Front-load trigger keywords. The first half of the description carries the most weight. Lead with the verbs and nouns the user is likely to type.

Cover formal and casual phrasings. “Database migration” and “update the db schema.” Users don’t write the way docs do.

Be slightly pushy. Agents tend to undertrigger. If a skill is genuinely the right move for a class of tasks, say so plainly: “Use this skill whenever the user asks for X” reads better than “may help with X-adjacent tasks.”

Keep it under ~200 characters. Every installed skill’s description sits in the same shared budget. A 400-character description pushes other skills’ triggers below the model’s attention.

Body structure: match the kind of work

Different jobs want different skill shapes. Forcing a checklist onto research, or hypotheses onto rote process, both fail.

Kind of work	Body shape	Agent freedom
Domain research (security assessment, threat modeling)	Hypotheses and approaches, each with “how to test” and “when to abandon”	High — the agent forms theories and pivots on findings
Tool integration (wrapping Semgrep, Nmap, a CLI)	Workflow patterns, common invocations, output interpretation	Medium — the agent follows patterns, adapts to context
Process automation (report generation, NDA review)	Step-by-step recipe with validation gates	Low — the agent follows the recipe

Hybrids are fine.
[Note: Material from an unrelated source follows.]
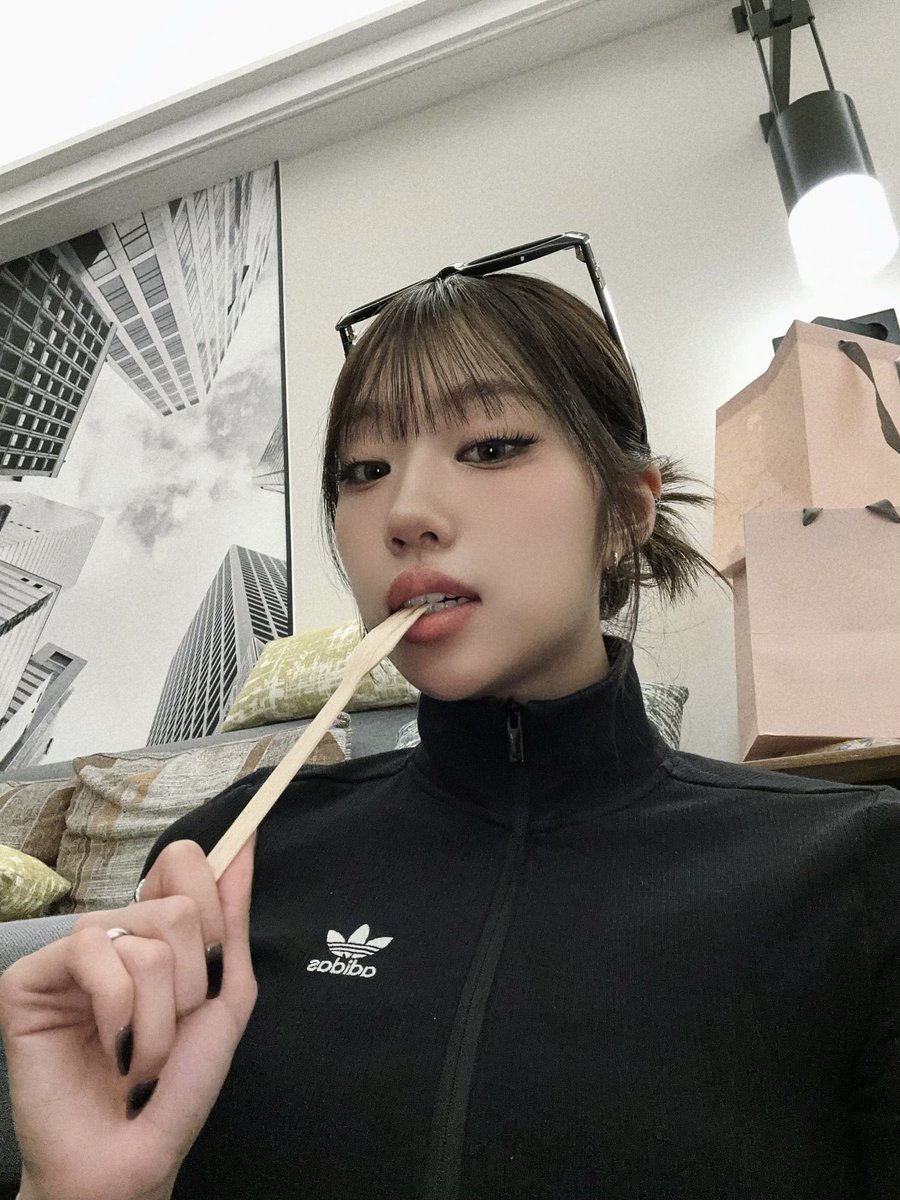 📸] 251205 #JUNGEUN izME📮 UPDATE 🍴 #CHOIJUNGEUN #최정은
A security-tool integration has tool-mechanics on top and domain-research strategy underneath; reflect both.

Explain why, not what

The model already knows what to do for most things. What it doesn’t have is your domain context — why one approach works in a specific situation. Skills add value where they encode that context.

Heavy-handed	Reasoned
”ALWAYS use a try-catch around database calls"	"DB calls fail on connection loss, timeouts, or constraint violations — wrap them so users see a clear message instead of a stack trace"
"NEVER skip the verification step"	"Skip verification only when running interactively — the verifier is what gates publish, so skipping it in CI hides real bugs"
"MUST run the linter before commit"	"The linter catches the same patterns reviewers flag manually; running it first cuts review cycles in half”

Heavy MUST/ALWAYS/NEVER is a code smell. Each one constrains the model’s ability to adapt to context. Save them for genuinely invariant rules — security gates, output contracts, things that must never bend.
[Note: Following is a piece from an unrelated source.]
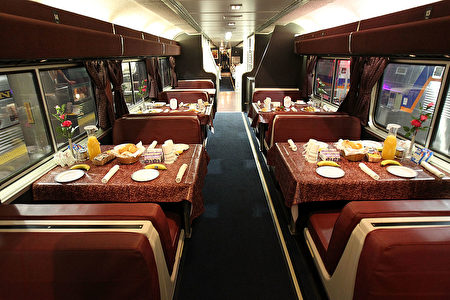 WASHINGTON, DC - MAY 11: An view of the Amtrak Superliner Diner on Amtrak National Train Day at Union Station on May 11, 2013 in Washington, DC. (Photo by Paul Morigi/Getty Images for Amtrak)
What goes in the body vs. references vs. scripts

The body is loaded every time the skill triggers. Anything not needed every time should live elsewhere.

Body — workflow, decision points, pointers to references and scripts.

References — depth the agent reaches for selectively. Domain-specific data, framework-specific instructions, long examples, edge case documentation. In your skill body, name each reference and say when to read it.

Scripts — deterministic work that should produce the same output every time: validation, formatting, data transformation. Scripts are more reliable than asking the model to do mechanical work, save tokens, and work consistently across model sizes. They can be executed without being read into context.

Use a script when	Use instructions when
Same input → same output	Output depends on context
Programmatically verifiable	Needs human or model judgment
Costs significant tokens to walk through	Token cost is negligible

Multi-domain organization

When one skill genuinely supports multiple variants — frameworks, cloud providers, target systems — split the variant detail into references and route from the body:

cloud-deploy/
  SKILL.md            # workflow + which-reference-to-read
  references/
    aws.md
    gcp.md
    azure.md

## Provider-specific guidance

Read the matching reference based on the user's target:

- AWS / EC2 / Lambda / S3 → `references/aws.md`
- GCP / GCE / Cloud Run → `references/gcp.md`
- Azure / VMs / Functions → `references/azure.md`

Read only the file for the current target. Do not pre-load.

The body stays compact; the agent reads only what it needs.

Iterating against real prompts

A skill you haven’t tested against a real prompt is a guess.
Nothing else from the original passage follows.